If you are one of the people who have indulged in labeling people who disagree with the course the Democrats and Obama have taken as being "fringe", "haters", "head in the sand", "unpatriotic", or "with the Taliban", then what you have written is not just profoundly offensive. It is also counter to the interests of progressives, because the people who run the Democratic Party will never do what we need them to do as long as they can convince people like you to pound the table for them.

So, here's my version of that lawyer's saying, applied to general discourse:

If you have the facts on your side, pound the facts. If you have logic on your side, pound the logic. If you don't have either, and you just want to tell us what stupid, disloyal people we are for not being convinced of the inherent rightness of your opinion, shut the fuck up!

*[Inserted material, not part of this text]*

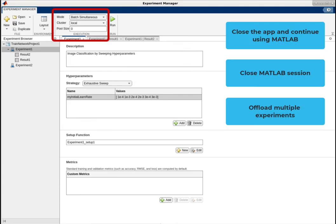We're really excited about this new Experiment Manager feature that enables you to run bigger and more complex experiments offline in powerful computing clusters. Thank you for watching this demo.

Someday soon, you might be glad you did. I know I will.


Anonymous said...

Much needed post, could be titled "Tis Broken, Taint Working, The Political Process".
Propaganda 101 clearly puts whatever opposition in league with existential threatening enemies regardless of their actual provenance. MontanaMaven shows the depth this disfunction politically exists, but it is unsurprising given that this level of political immaturity exists and is rampant at Jr. high school levels of socialization; the people in the country have never grown up into mature adults, and probably never will.
The political requirements of both a Republic and a Democracy call for mature adults for proper functioning. The collapse of the educational system assures such a supply of maturity is never provided. Nowhere are mature adults to be seen or emulated; adherence to the jejune is universal. This in itself will in short order bring about the demise of public political aspiration. IIRC "The Lord of the Flies" foretold of such unwelcome ending.
How this will play out is still open, the likelihood is a demagogue will appear and abduct the political process for their own ends (President Obama certainly fits this mold), subverting and subjugating any opposition to the takeover of the political process. Others will try to "fix" the unfixable, expending time, effort and treasure trying to wright an ephemeral illusion. Most will drop out, surrender to apathy, disillusioned by their powerlessness to effect change. This will not end well.

Cujo359 said...

Unfortunately, I have a similar view of our future. At least, it's one possible future, and a pretty likely one given our current priorities.

It's disheartening that so many people fall so easily into this line of argument. Some are doing it out of a sense of satire, but I think many just want to respond in kind to what's been said of us for so long. Satire sounds like a good response to me, but merely responding in kind does not.